Sorry, that was the NEW YORK TIMES PITCHBOT. I apologize. [LAUGHTER]

... I want everybody to have fun tonight, but please be safe. If you find yourself disoriented or confused, it's either you're drunk or Marjorie Taylor Greene. [LAUGHTER]

... I love NPR [LEANS INTO THE MICROPHONE] because they whisper into the mic like I do. [LAUGHTER] But not everybody loves NPR. Elon Musk tweeted that it should be defunded. Well, the best way to make NPR go away is for Elon Musk to buy it. [LAUGHTER]

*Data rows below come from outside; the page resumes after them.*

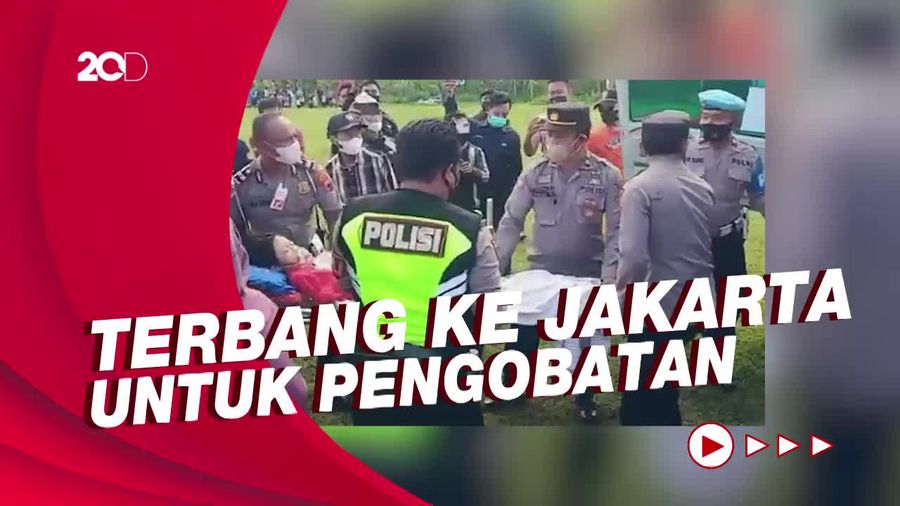 Kapolri Kirim Helikopter Bawa Bocah Penderita Tumor di Rembang ke RS Kramat Jati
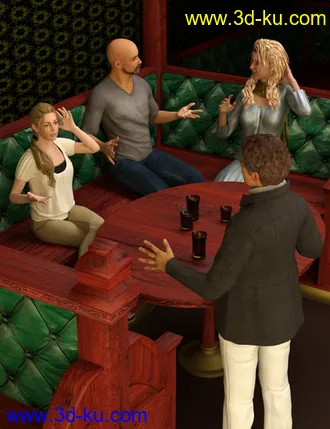 3D打印模型Casual Friday Poses for V5 and Genesis的图片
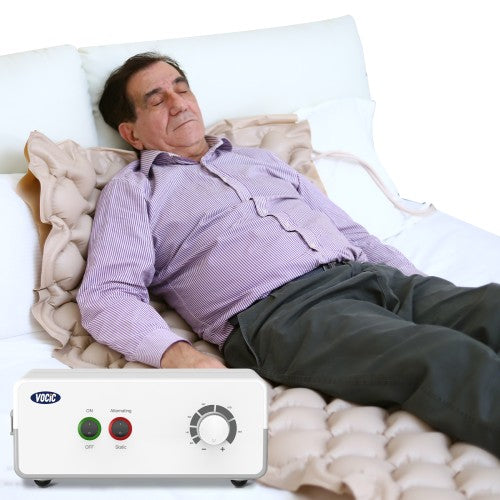 VOCIC S11VA Spherical Alternating Air Pressure Mattress With Pump– Anti Bedsore Pressure Relief Pad for Patients & Elderly, 89×38 inch size, Weight Capacity-297 lbs, PVC material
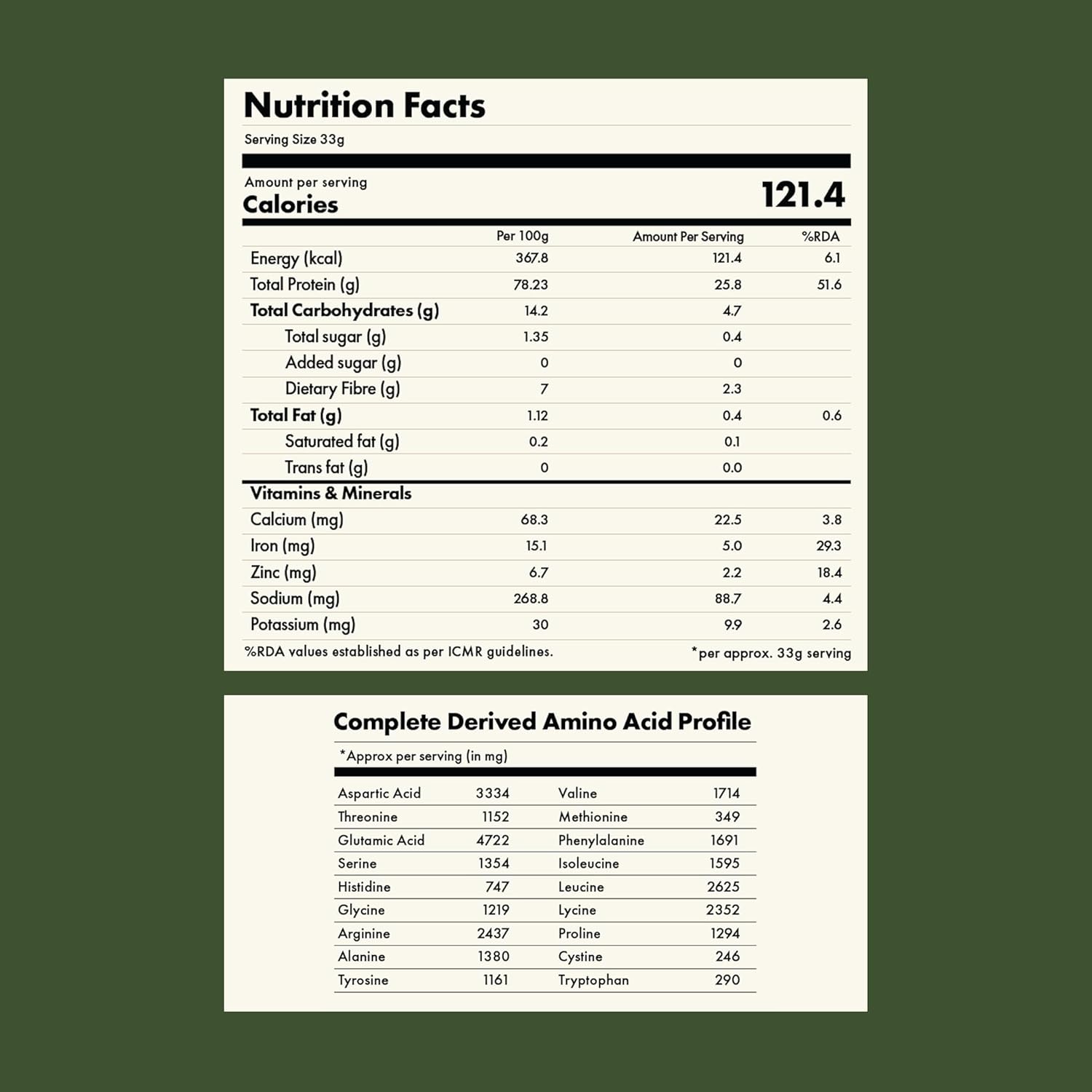 Cosmix No-Nonsense Plant Protein Pro | 26g Protein/Serve | Classic Unflavoured - 500 G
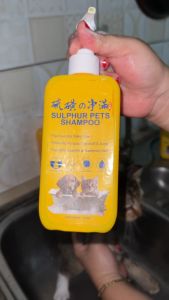 Pet Dog Cat Natural Shampoo 300ML Antibacterial Shower Gel for Cat and Dog Beauty Hair Pet Grooming Sabun Syampu Kucing Pet Skin Problem Multifunctions Shampoo Nano Sulphur Skin sensitive Ubat Kurap Shampu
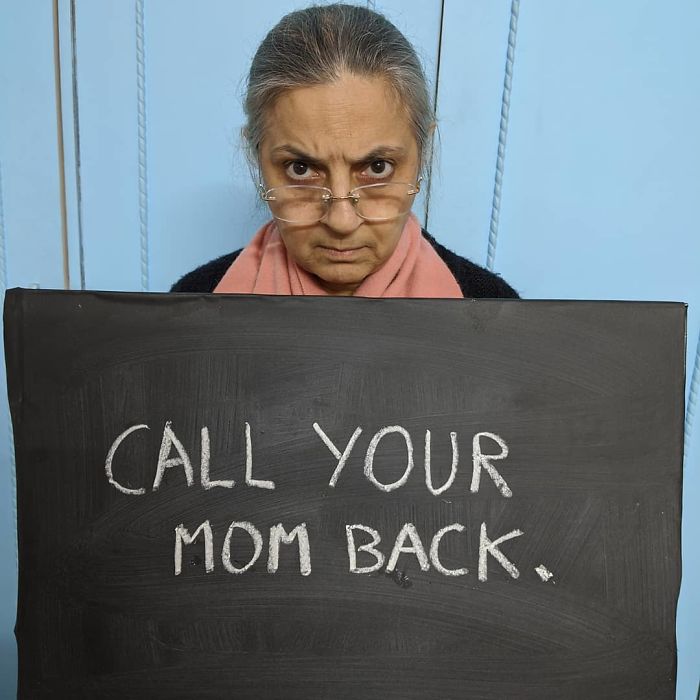 Indian Mom Goes Viral After Son Convinces Her To Put Her Worldly Wisdom On Signs And Share It On IG (30 Pics)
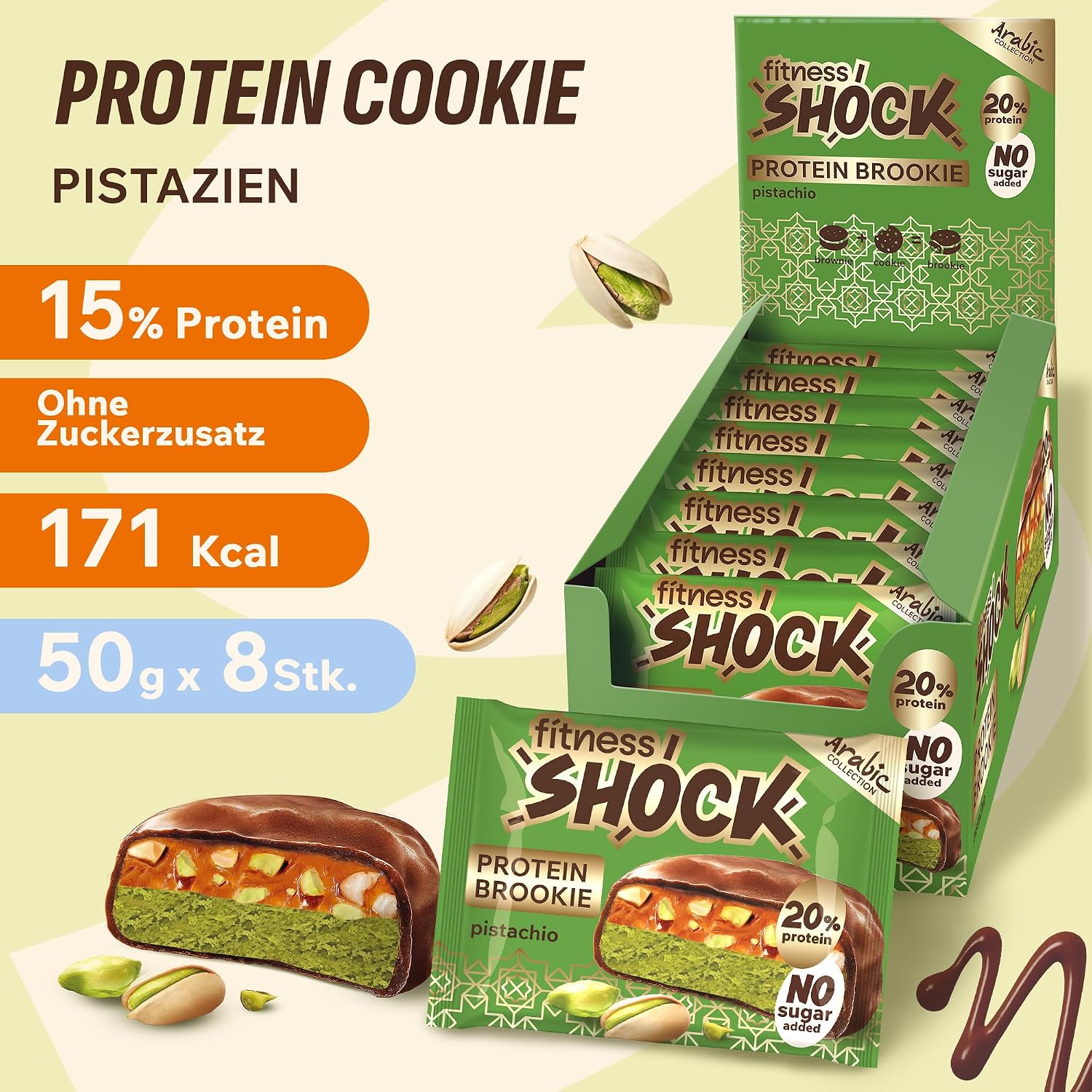 Detalle de FitnesSHOCK Protein Cookie 10g Eiweiß 🍪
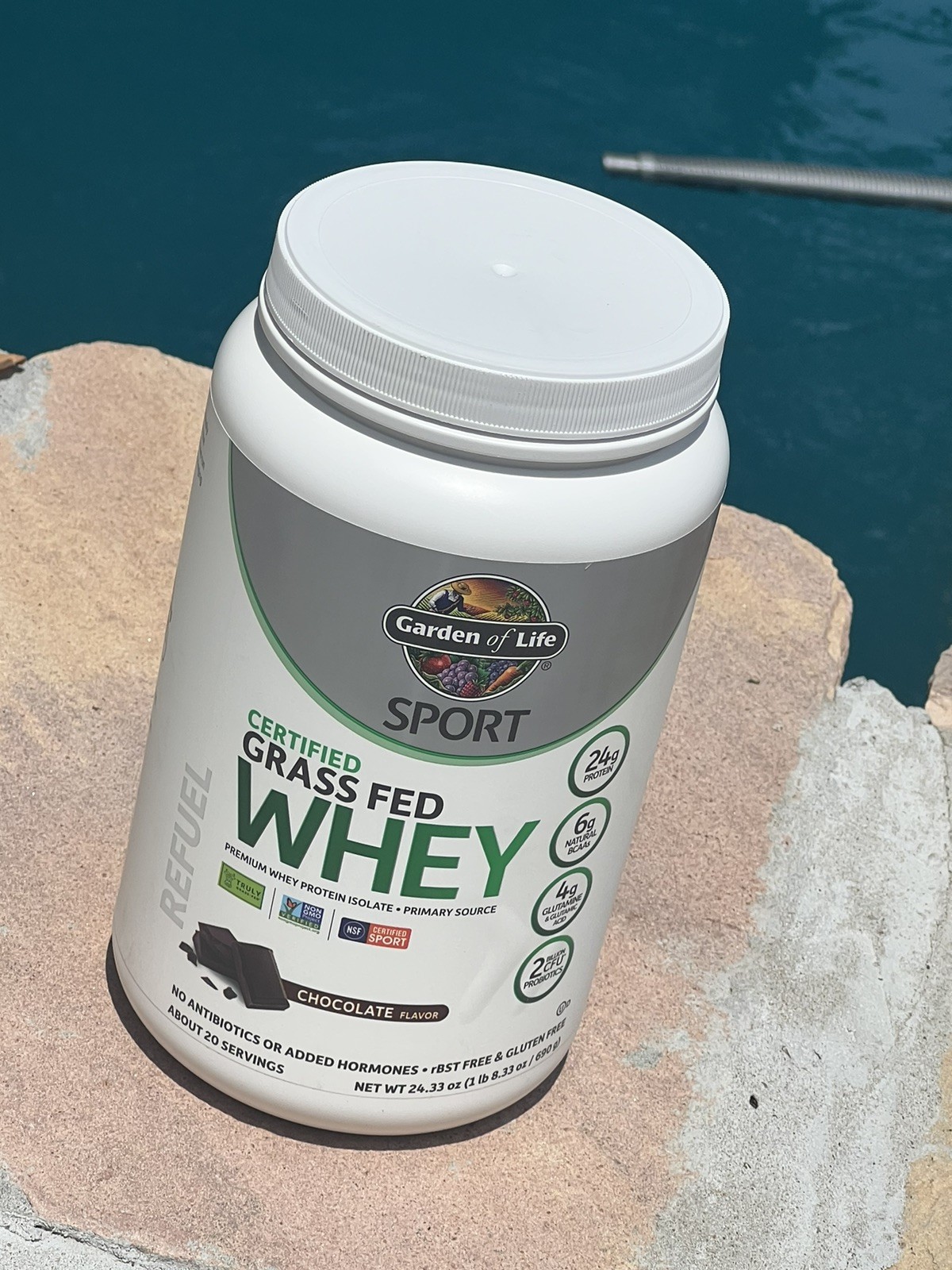 Garden of Life Sport Certified Grass Fed Whey Protein – Chocolate 9/2026 24.33oz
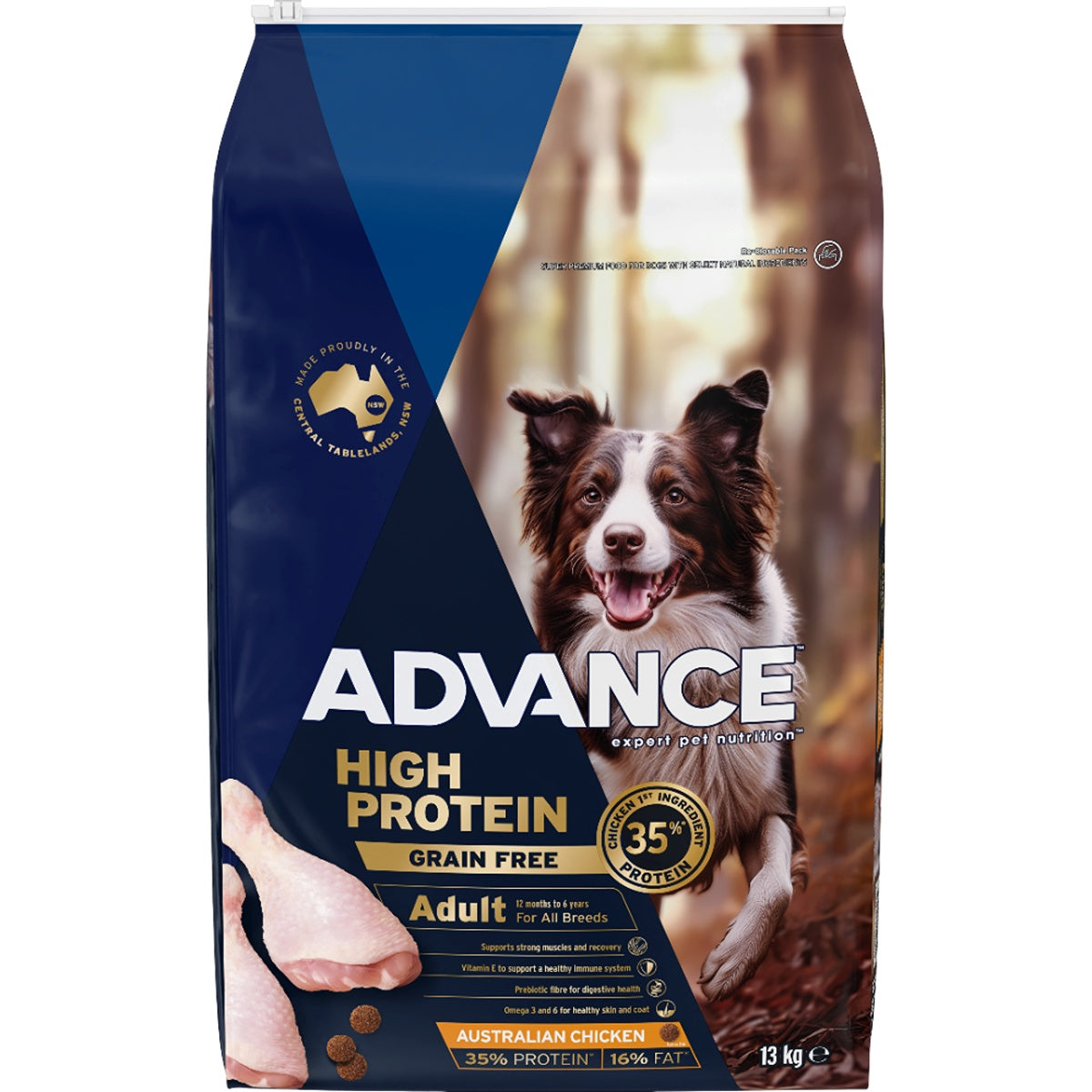 Advance Adult High Protein Lamb Dry Dog Food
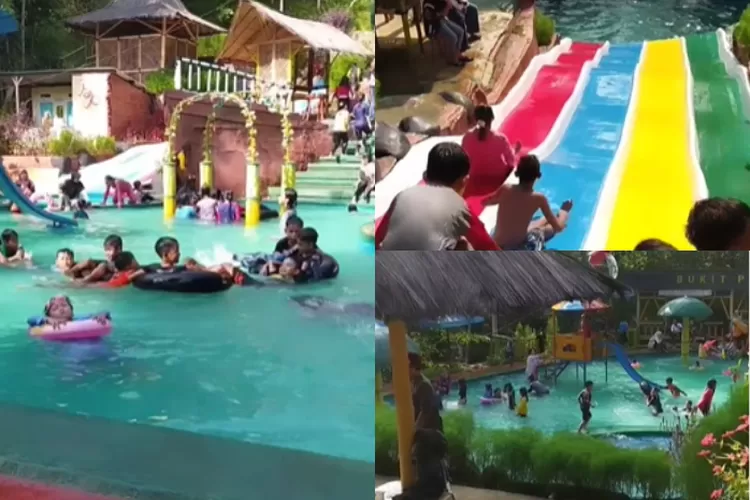 Tasikmalaya memiliki destinasi wisata spot berenang viral yang memberikan sensasi berenang  berbeda yang bernama Bukit Pasir Peer. (Tangkapan layar instagram @bukit_pasirpeer)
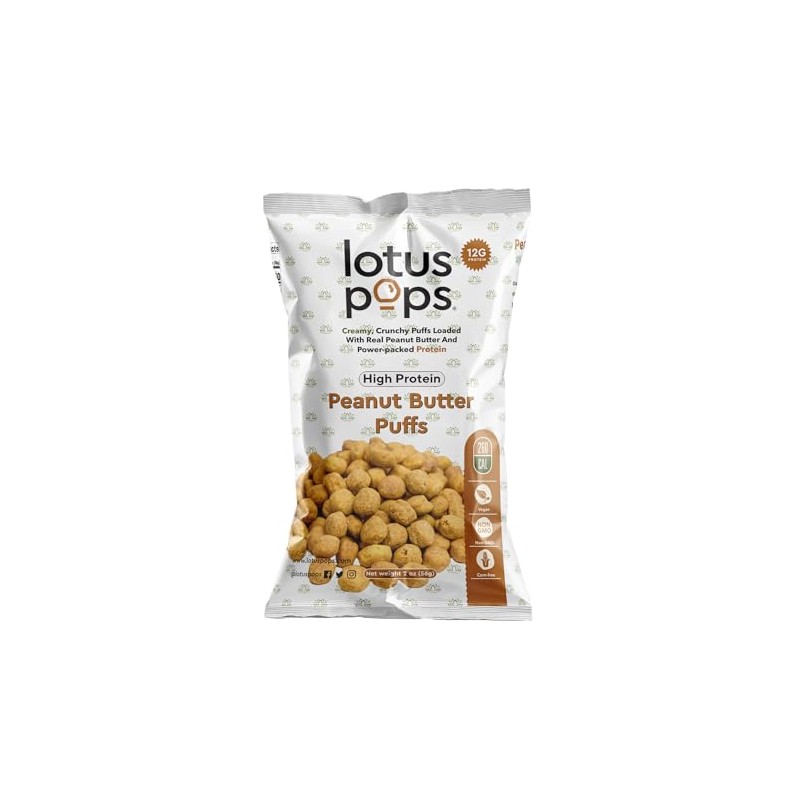 Lotus Pops - High Protein Peanut Butter Puffs - High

This dinner is one of the two great traditions in Washington. The other one is underestimating me and Kamala. Well, the truth is we really have a record to be proud of. Vaccinated the nation. Transformed the economy. Earned historic legislative victories and midterm results. But the job isn't finished. I mean -- it is finished for Tucker Carlson. [LAUGHTER] ... We added 12 million jobs, and that's just counting the lawyers who defended [Trump].

I had a lot of Ron DeSantis jokes ready, but Mickey Mouse beat the hell out of me and got there first. [LAUGHTER] Now, look -- can't be too rough on the guy. After his reelection as governor, he was asked if he had a mandate. He said, "Hell no, I'm straight." [LAUGHTER]

... Look, you all keep reporting my approval rating is at 42 percent. But I think you don't know this: Kevin McCarthy called me and asked me, "Joe, what the hell is your secret?" [LAUGHTER]

... Look, it's great the cable news networks are here tonight. MSNBC owned by NBC Universal. Fox News owned by Dominion Voting Systems. [LAUGHTER] Last year, your favorite Fox News reporters were able to attend because they were fully vaccinated and boosted. This year, with that $787 million settlement, they're here because they couldn't say no to a free meal. [LAUGHTER] And hell, I'd call Fox honest, fair, and truthful, but then I could be sued for defamation. [LAUGHTER]

... As I said last year at this dinner, a poison is running through our democracy and parts of the extreme press. The truth buried by lies, and lies living on as truth.

Lies told for profit and power. Lies of conspiracy and malice repeated over and over again, designed to generate a cycle of anger, hate, and even violence. A cycle that emboldens history to be buried, books to be banned, children and families to be attacked by the state, and the rule of law and our rights and freedoms to be stripped away. And where elected representatives of the people are expelled from statehouses for standing for the people.

... At this inflection point in history, let us commit that we'll be a nation that will embrace light over darkness, truth over lies, and finally, finally, finally restore the soul of the nation.

... I'm going to turn this over to [comedian Roy Wood JR]. Roy, the podium is yours. I'm going to be fine with your jokes, but I'm not sure about Dark Brandon. [PUTS ON SHADES / APPLAUSE] All yours, pal.